> [Exercise instructions]: Reproduce exactly the span of lines beginning at the one with "乌鲁木齐碧莲盛植发走廊 乌鲁木齐碧莲盛植发走廊" and ending at the last line of the data below, omitting pictures.

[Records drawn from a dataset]
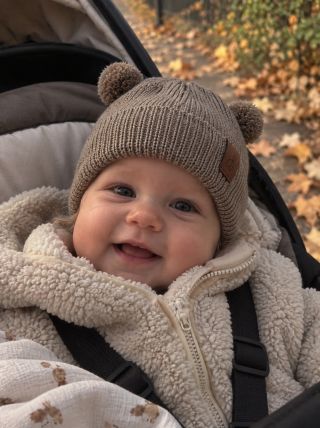 🤎🍂Hledáte čepici, která skvěle vypadá a zároveň pěkně zahřeje? Sáhněte po naší čepici s bambulkami. Vyrobeno z prémiové...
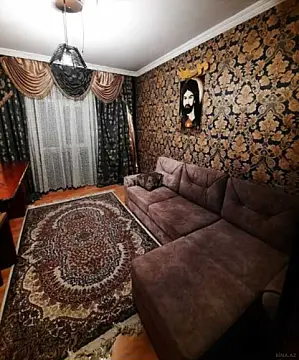 Satılır 5 otaqlı mənzil 100 m²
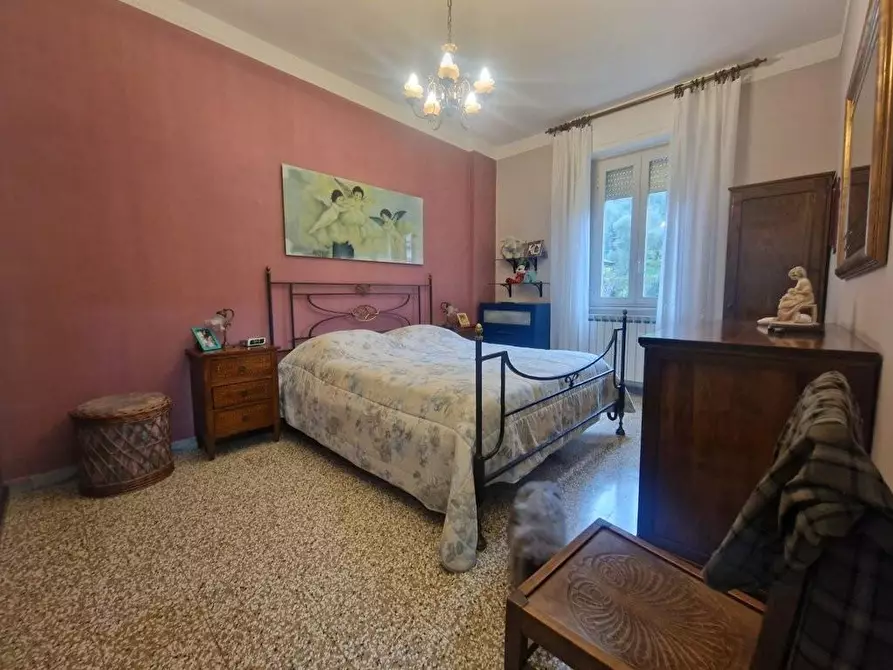 Immagine 9 di Appartamento in vendita  a Carrara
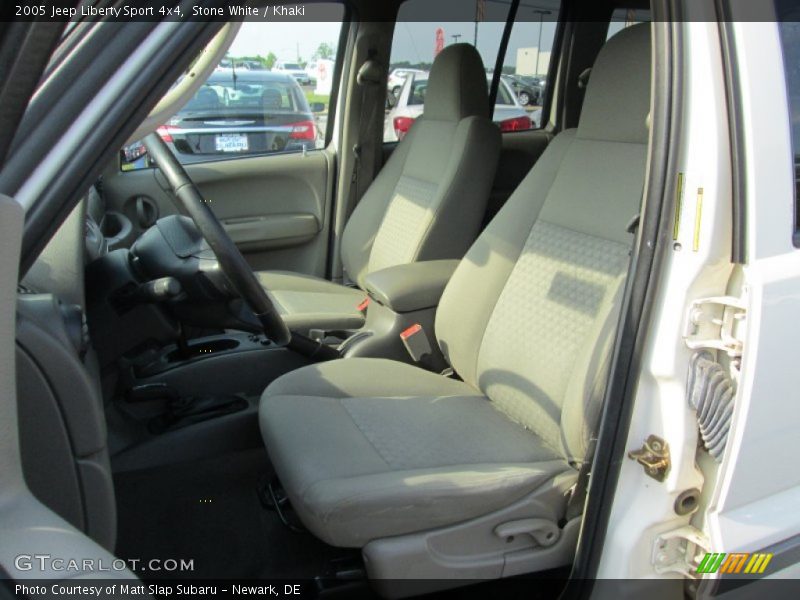 Stone White / Khaki 2005 Jeep Liberty Sport 4x4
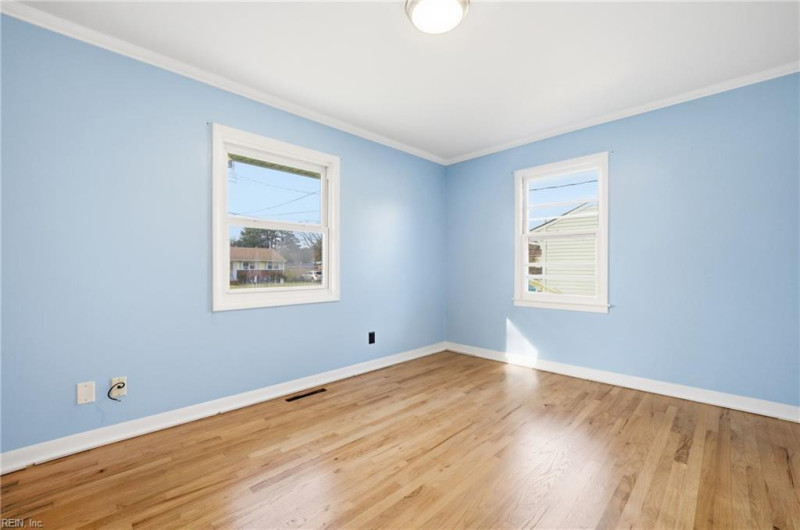 Photo 12 of 25 residential for sale in Newport News virginia
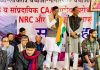 देश संक्रमण काल से गुजर रहा है, कांग्रेस ने सरकार को कोसा पटना के लाल बाग में धरना पर बैठे लोगों को संबोधित करते कांग्रेस के बिहार प्रदेश अध्यक्ष डा. मदन मोहन झा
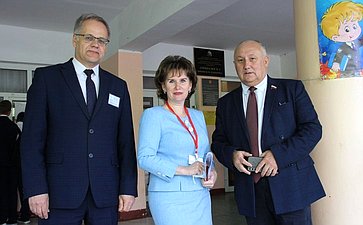 Андрей Базилевский посетил гимназию № 3 имени М.Ф. Панькова г. Хабаровска при проведения экзамена по русскому языку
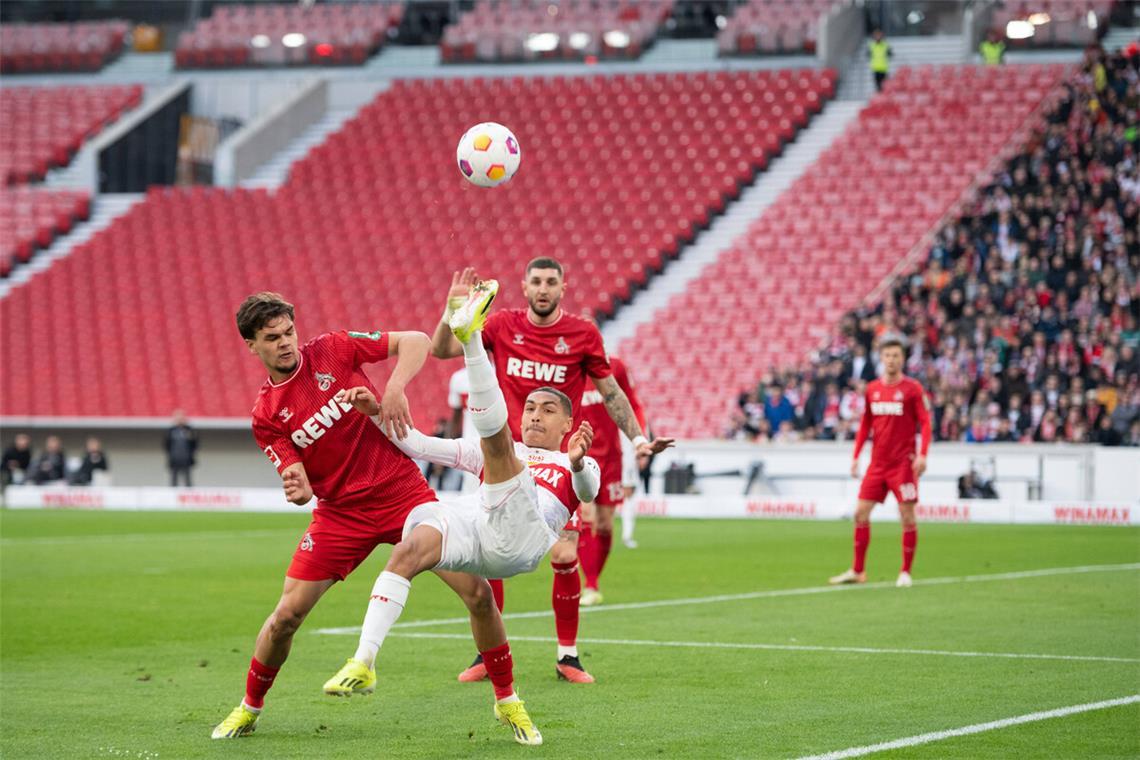 Krätzig geht – Planspiele mit Finkgräfe Max Finkgräfe steht beim VfB auf der Liste (links im Duell mit Enzo Millot).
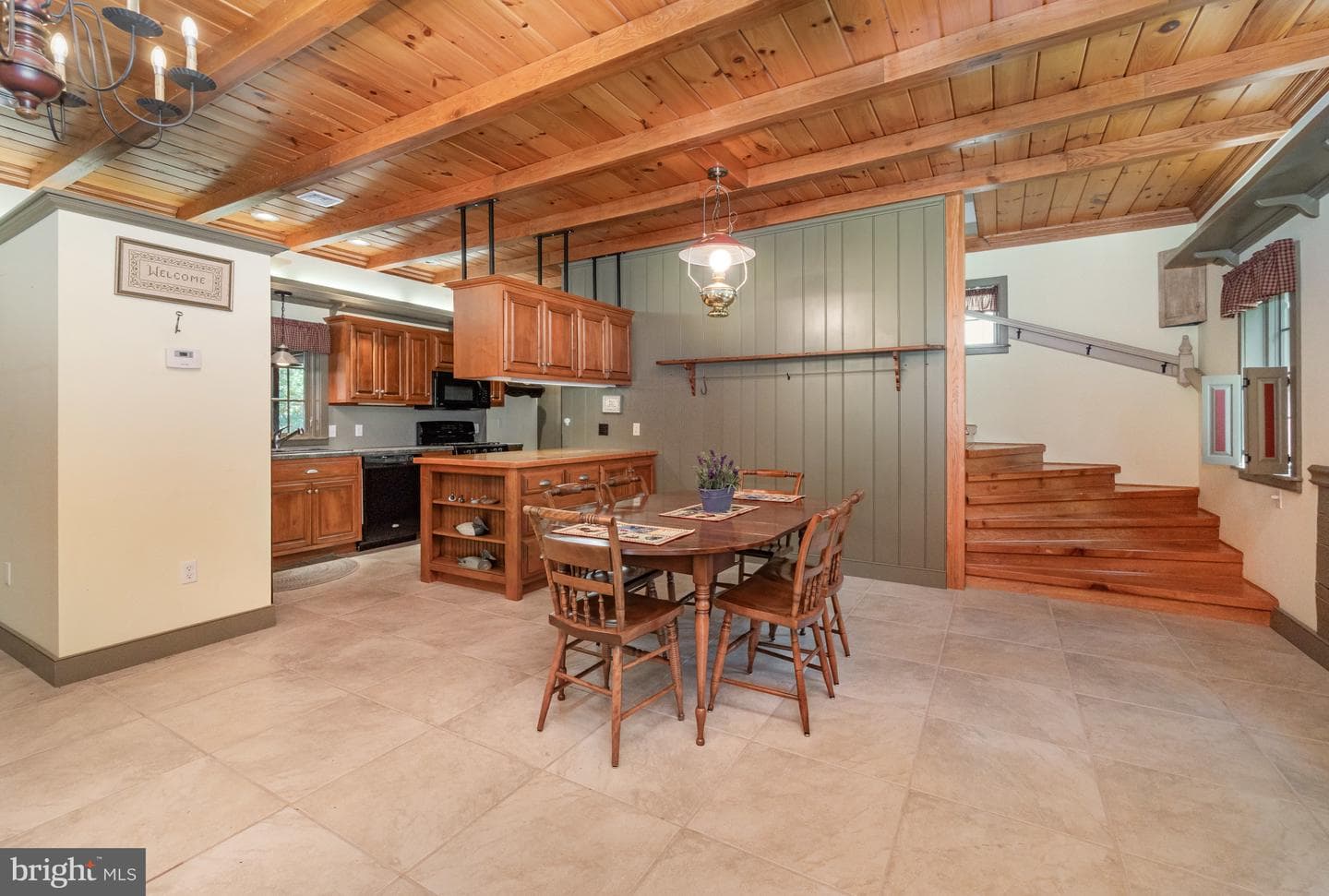 36 Sassafras Lane photo 9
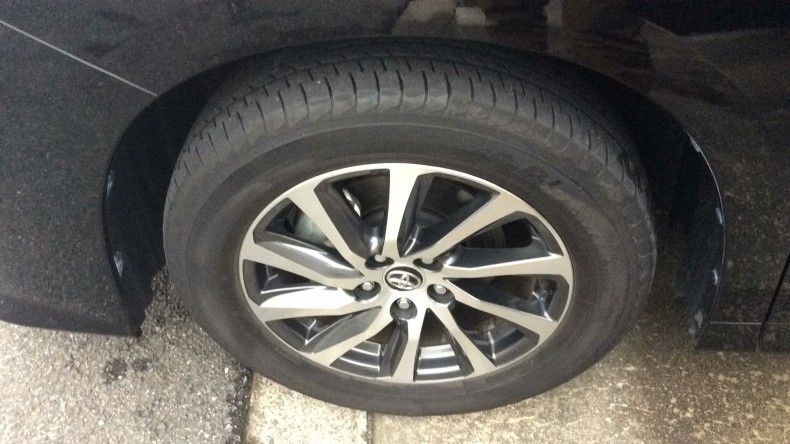 タイヤホイール前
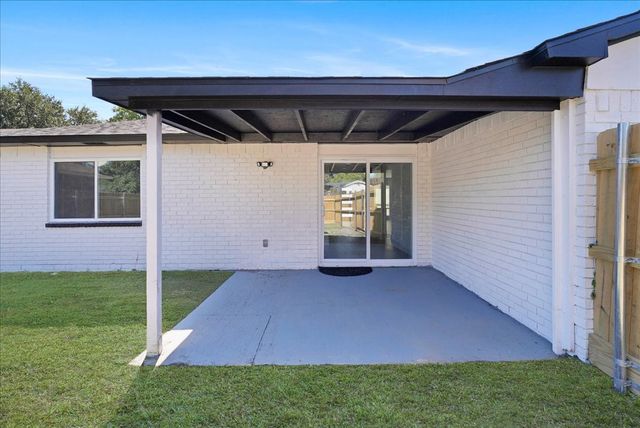 11615 Featherbrook Drive, Dallas, TX 75228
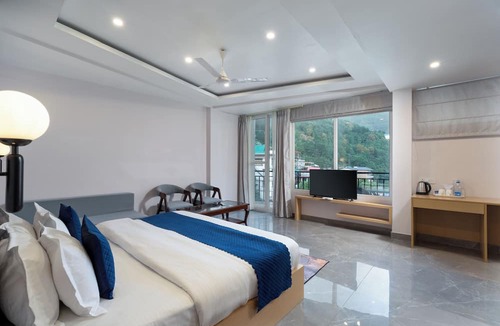 McLeod Ganj Hotel | Hotel Buddha's Abode- Best Hotel in McleodGanj Main Market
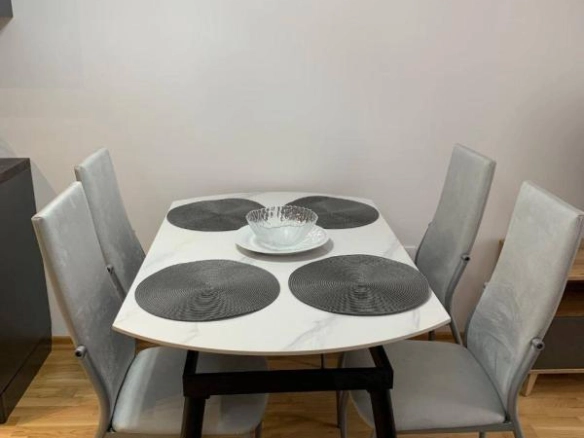 Jednosoban stan 42 m² sa pogledom na grad i planine – Lazi, Budva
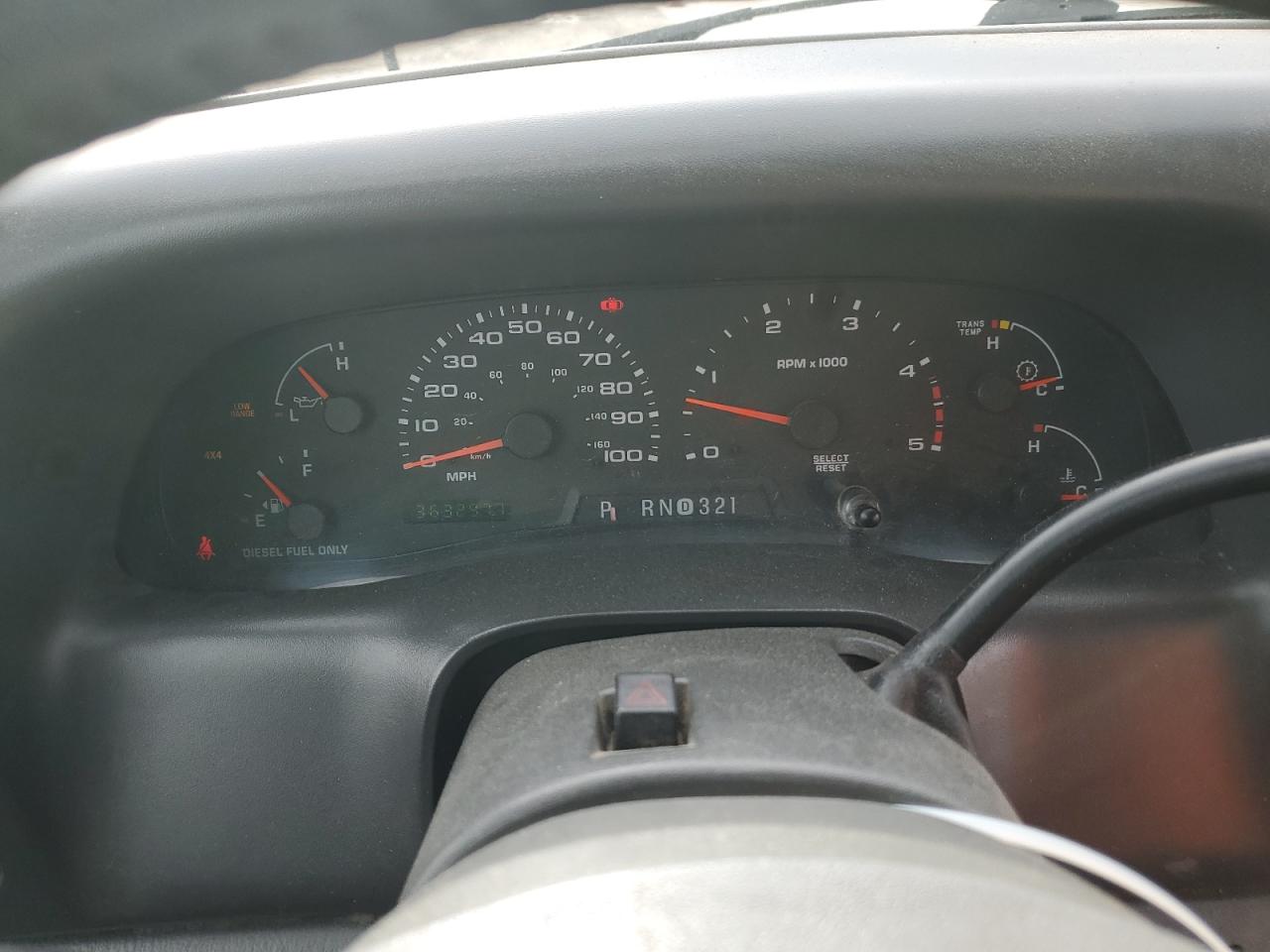 2003 Ford F350 - Image 9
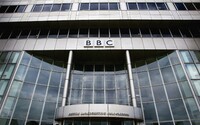 Britská verejnoprávna BBC je podľa zamestnancov transfóbna. LGBT+ ľudia odchádzajú v húfoch, BBC vraj nevie byť objektívna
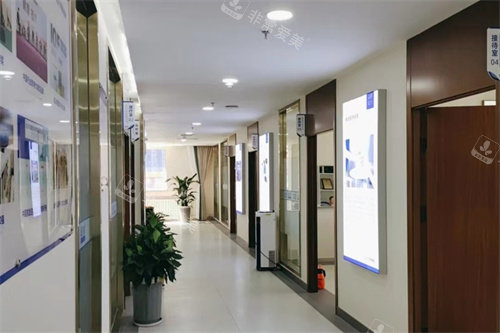 乌鲁木齐碧莲盛植发走廊 乌鲁木齐碧莲盛植发走廊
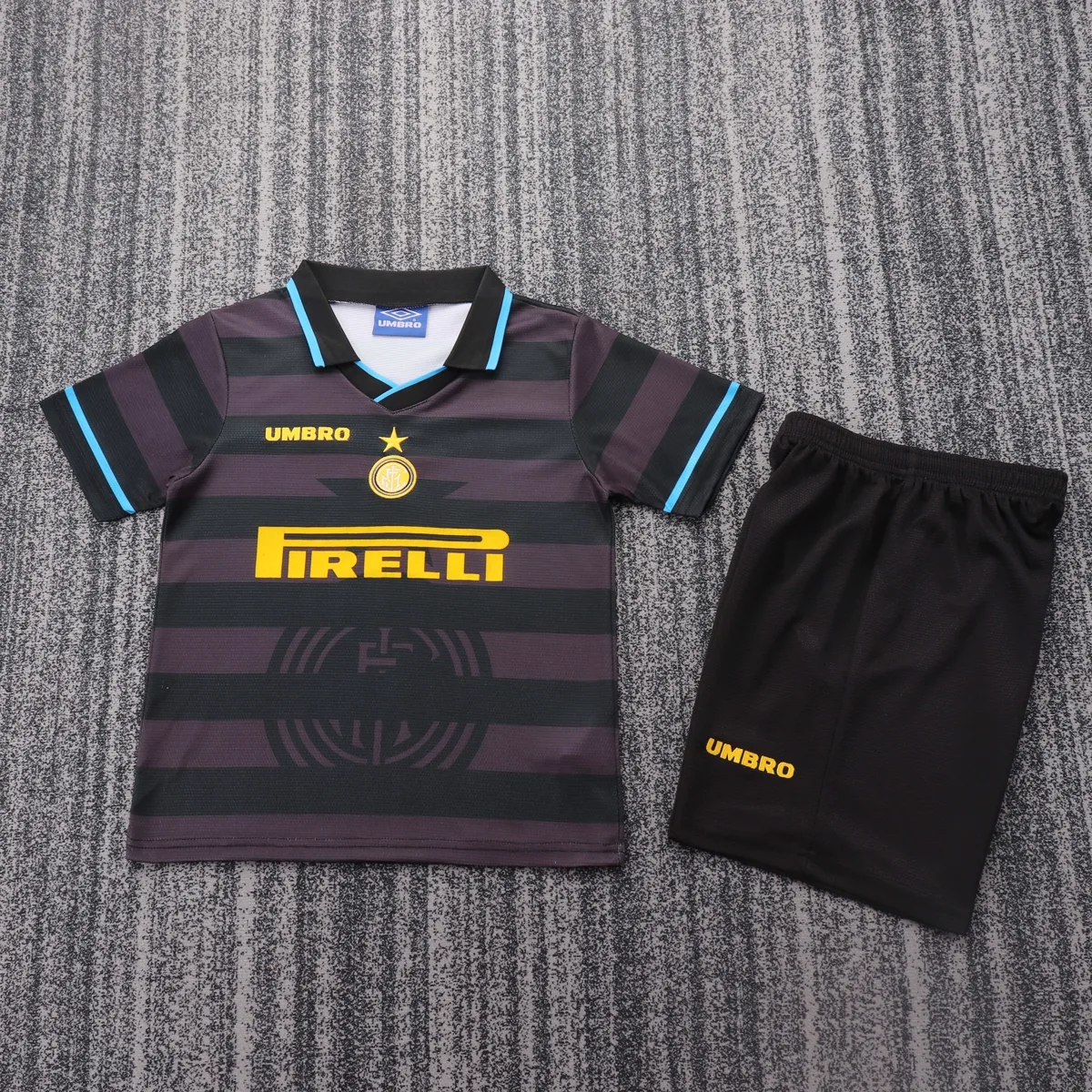 Tifoso Store Inter 1997/98 Third completo bambino 16-28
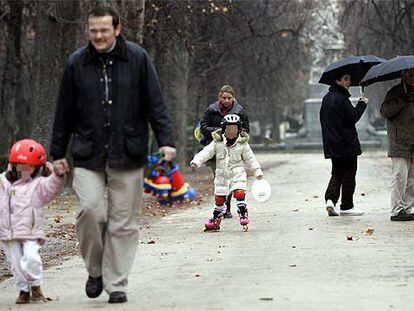 Niños en el Retiro con los juguetes que les trajeron los Reyes Magos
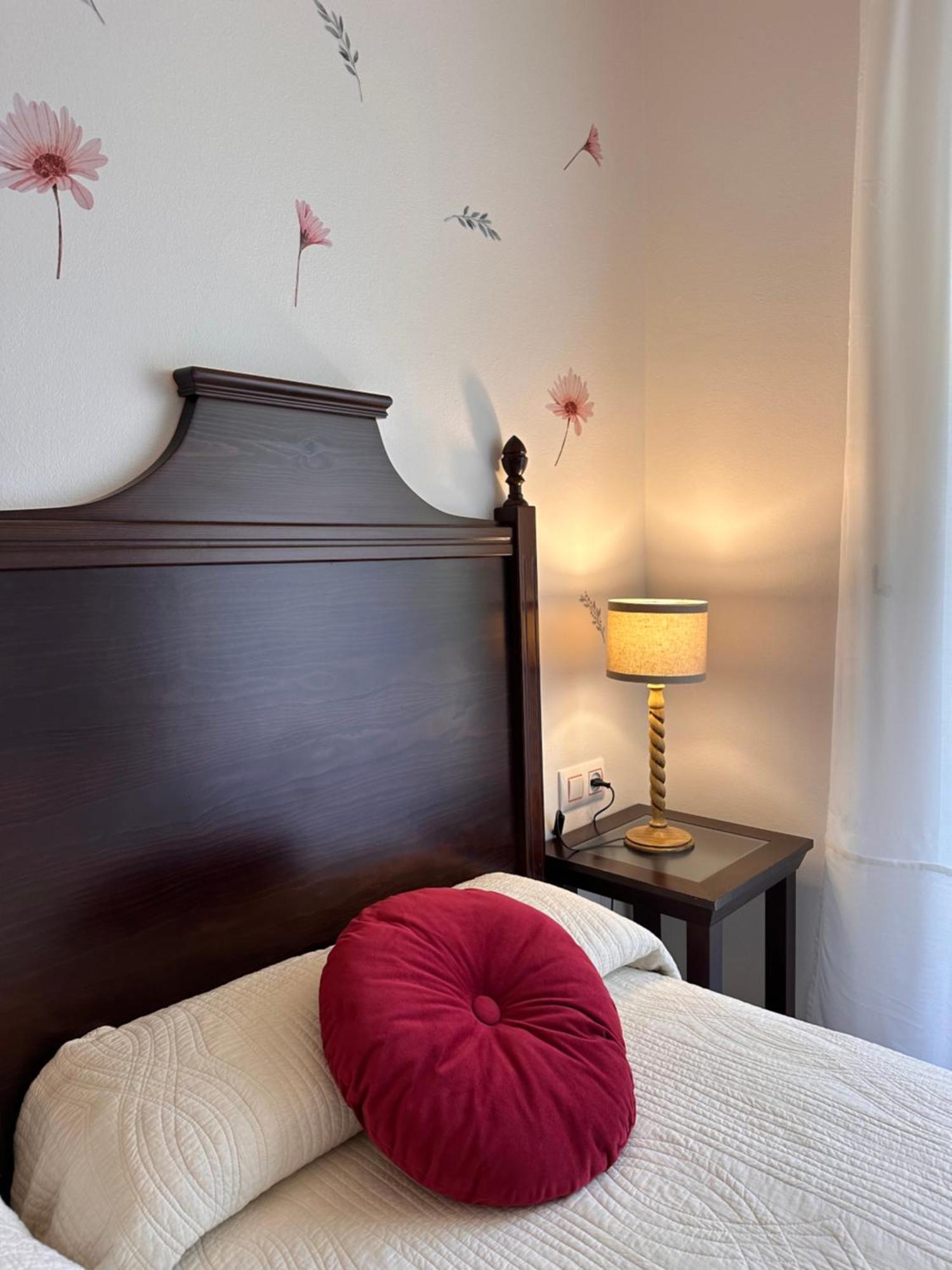 Hotel Y Apartamentos La Lonja Onís 外观 照片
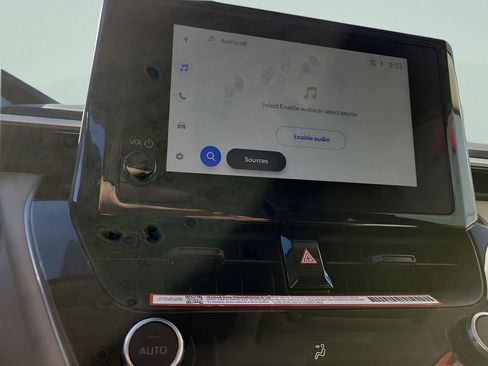 Used 2025 Toyota Corolla LE image 19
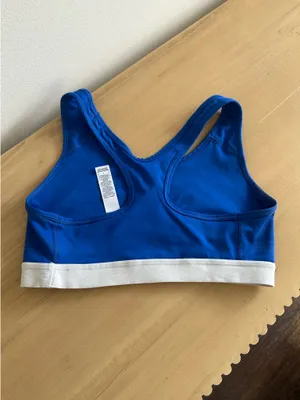 Nike Women's Swoosh Medium Support Sports Bra thumbnail 2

> [Written response]:
 乌鲁木齐碧莲盛植发走廊 乌鲁木齐碧莲盛植发走廊
 Tifoso Store Inter 1997/98 Third completo bambino 16-28
 Niños en el Retiro con los juguetes que les trajeron los Reyes Magos
 Hotel Y Apartamentos La Lonja Onís 外观 照片
 Used 2025 Toyota Corolla LE image 19
 Nike Women's Swoosh Medium Support Sports Bra thumbnail 2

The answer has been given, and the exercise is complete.